If I know this, of course I'm done since I can take the supremum both sides and use the convergence of the series and the finitess of $E[M_0^2]$ and I get the thesis.
So, my questions are:
- Is my martingale square integrable? I can't show it.
- How the independence of the increments imply ($\star$) ?
- Are there other ways to attack the problem?
As already mentioned, it is enough to show that
because we then simply have
$$\sup_{n \in \mathbb{N}} \mathbb{E}[M_{n}^{2}] \le \mathbb{E}{M_{0}^{2}}+\sum_{k=1}^{\infty}\mathbb{E}[C_{k}^{2}],$$ which is finite by assumption.
OK, but it is also enough to know, that increments are square integrable. Let us explain it in more details.
For simplicity put $M_{0}:=C_{0}$.
$$\mathbb{E}[M_{n}^{2}]=\mathbb{E}[(C_{0}+\cdots C_{n})^2]=\mathbb{E}[M_{0}^2]+\sum_{k=1}^{n}\mathbb{E}[C_{k}^2]+\sum_{0\le i \not{=}j \le n}\mathbb{E}{C_{i}C_{j}}.$$
We will show that for every $i\not= j$ we have $\mathbb{E}[C_{i}C_{j}]=0$, which will prove $(\star)$.
Because $\sum_{k=0}^{\infty} \mathbb{E}[C_{k}^{2}] <+\infty$, then $\mathbb{E}[C_{k}^2]$ is obviously finite for all $k$.
Suppose that $i<j$, then $$\mathbb{E}{C_{i}C_{j}}= \mathbb{E}\Big[\mathbb{E}[C_{i}C_{j}|\mathcal{F}_{i} ] \Big],$$ Note that we are using here tower property of expectation and finiteness of second moments
Let us now look closer into inside expectation. Since $C_{i}$ is $\mathcal{F}_{i}$ measurable, we have
$$\mathbb{E}[C_{i}C_{j}|\mathcal{F}_{i}]=C_{i}\cdot \mathbb{E}[C_{j}|F_{i}].$$
We will now use matringale property to see, that last term is equal to zero.

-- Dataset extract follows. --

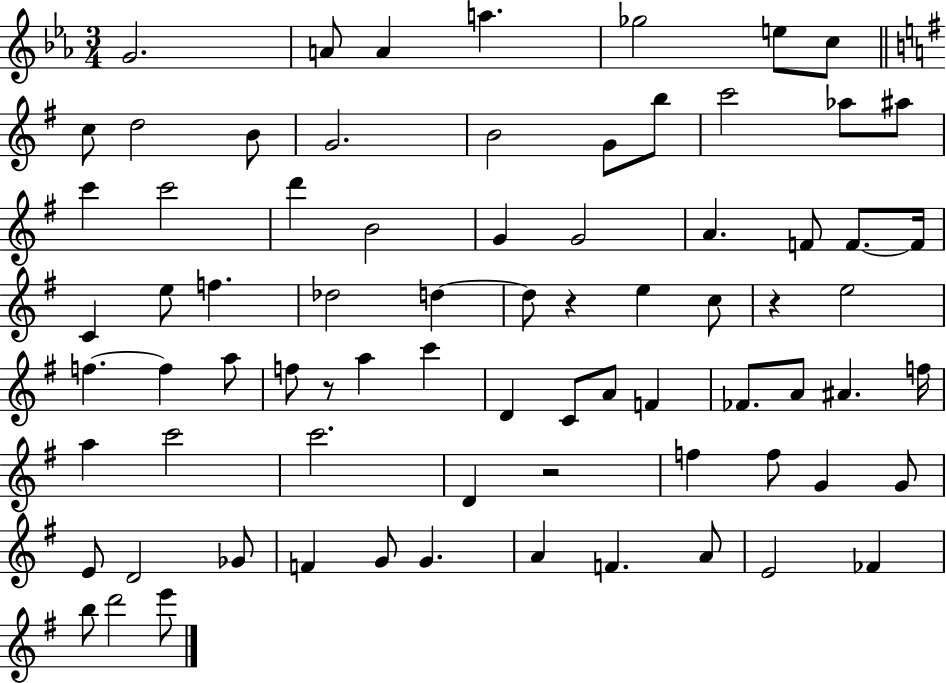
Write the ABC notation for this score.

$$\mathbb{E}[C_{j}|F_{i}]=\mathbb{E}\Big[\mathbb{E}[C_{j}|F_{j-1}]\Big|F_{i}\Big]=0.$$
In last equality we have used the following:
$i<j$ implies that $i\le j-1.$
$\mathbb{E}[C_{j}|F_{j-1}]=0$.
To see the second dot, simply write:
$\mathbb{E}[C_{j}|F_{j-1}]= \mathbb{E}[M_{j}-M_{j-1}|F_{j-1}]=0 \iff \mathbb{E}[M_{j}|F_{j-1}]=M_{j-1}.$
Now for the questions:
Now we can say that it is.
I think it is visible in the posted proof, but be aware that independence is something different then $\mathbb{E}[C_{i}C_{j}]=0$, that we have actually used.